Bicara soal pengadaan, ICW ingat dahulu Wakil Ketua KPK, Alexander Marwata, pernah bilang kalau fee sebesar 5-15 persen dalam proyek-proyek itu hal lazim. “Sekarang bayangkan, total duit pengadaan tiga lembaga itu adalah 49,6 T. Jika ada kasus pejabat matok fee 5-15%, artinya ada potensi duit negara bisa lenyap Rp2,4—Rp7,4 triliun.”

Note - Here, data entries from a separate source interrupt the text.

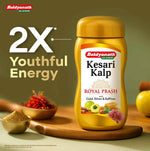 Baidyanath Kesari Kalp Royal Prash - 1kg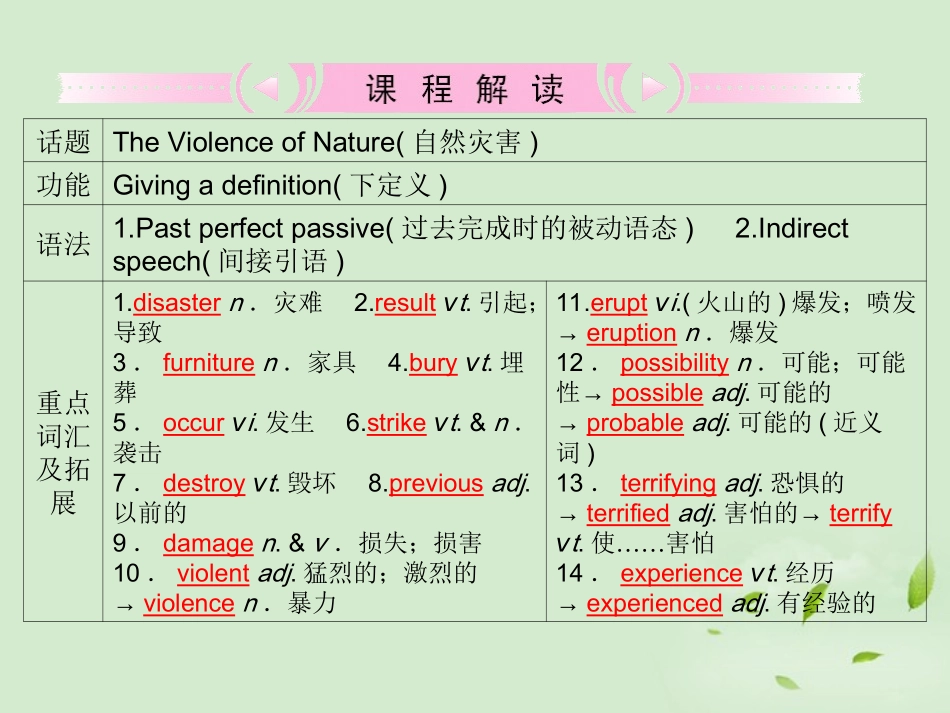 高考英语 Module3知识与要点课件 外研版必修3 课件_第2页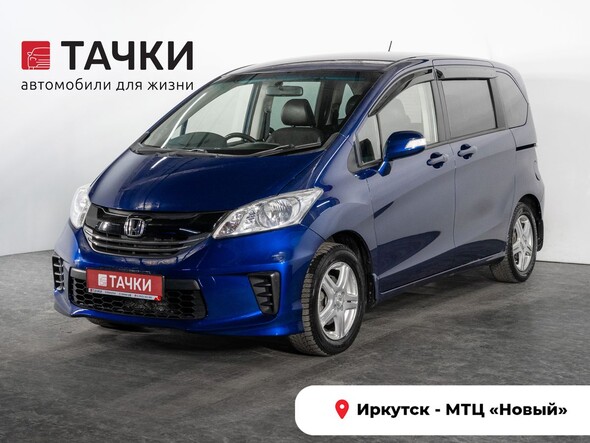 Honda Freed 2016 в автосалоне Тачки Иркутск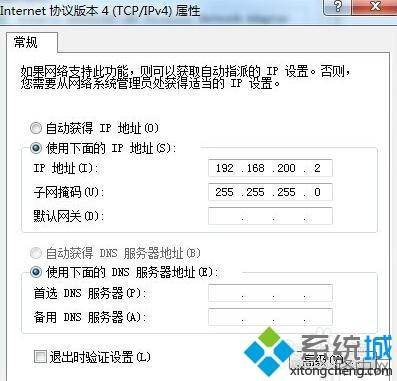 win7系统电脑把路由器当做交换机使用的方法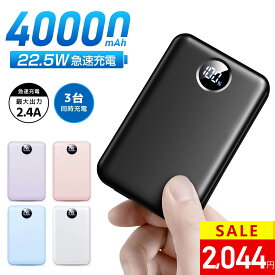 ＼ss限定★87%OFFで2,044円／モバイルバッテリー 大容量【40000mAh& 22.5W急速充電】3台同時充電 LCD残量表示 モバイルバッテリー 軽量 小型 iPhone17充電器 Android/iPad全機種対応 携帯充電器 iPhone17充電器 出張/停電/地震/防災グッズ【災害時に役立つ】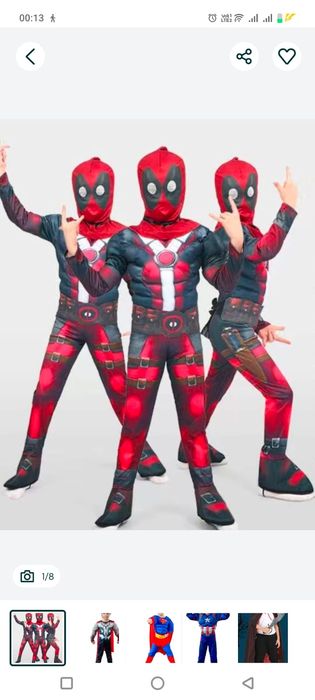 Новагодние кастюмы на прокат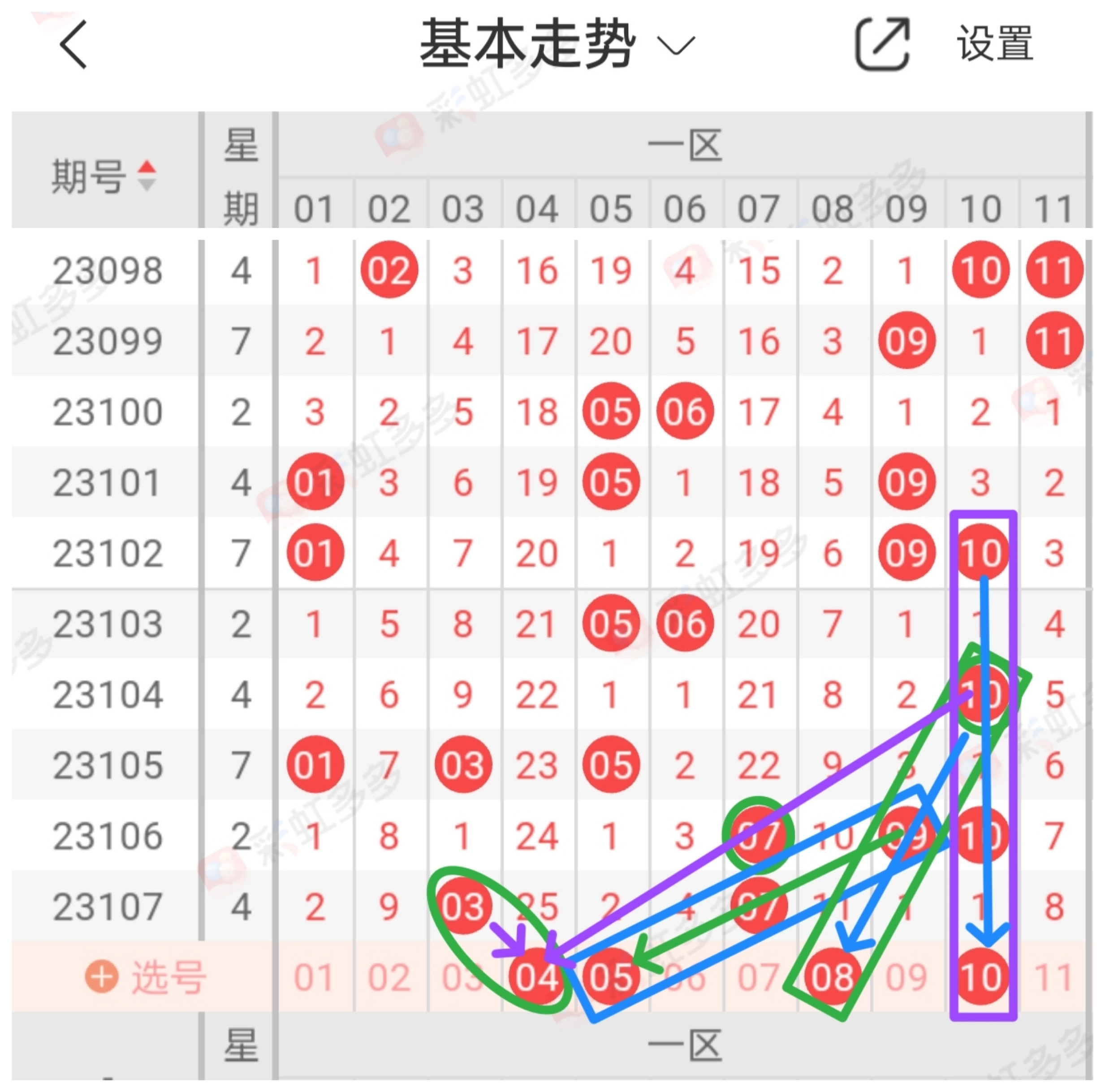 https://f.jiangduoduo.com/info/16949167254498715e7e1-5aaf-4a32-a61a-22e9bc24d527.jpg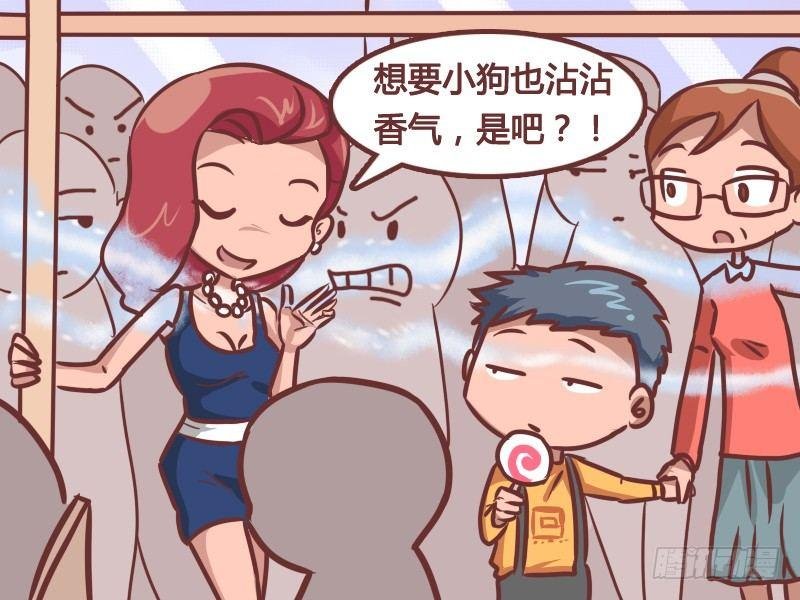 212-顶级香水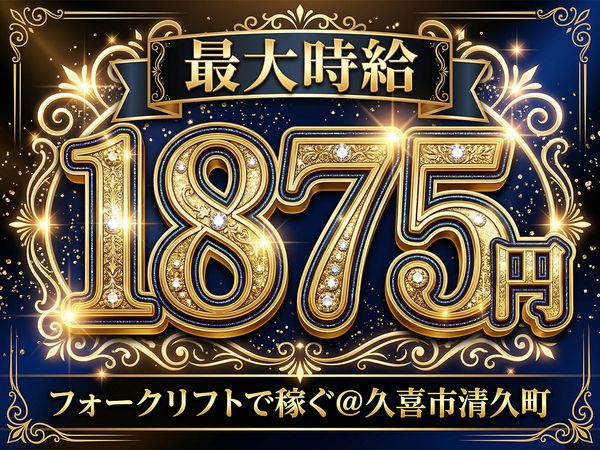 ライクスタッフィング株式会社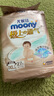 MOONY尤妮佳極上中包裝紙尿褲XL27片(12-17kg) 曬單實拍圖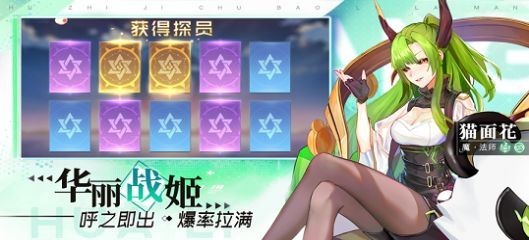 我在异界养女神最新版  v1.0.0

Patut diingat, kata ICW, menurut studi, pembelian alat keamanan dalam jumlah besar itu cenderung meningkatkan kekerasan terhadap warga sipil. Aparat yang sudah represif, bisa makin represif, dan represifitas mereka ini ironisnya dibiayai oleh uang pajak.
“Ogah sih, mit amit Bagi kami, tujuan dari kebijakan efisiensi anggaran ini patut diduga hanya untuk membiayai program-program populis Prabowo dan untuk sektor keamanan. Jadi overall, narasi hemat-hematan ini ya cuma omon-omon.” (RIS)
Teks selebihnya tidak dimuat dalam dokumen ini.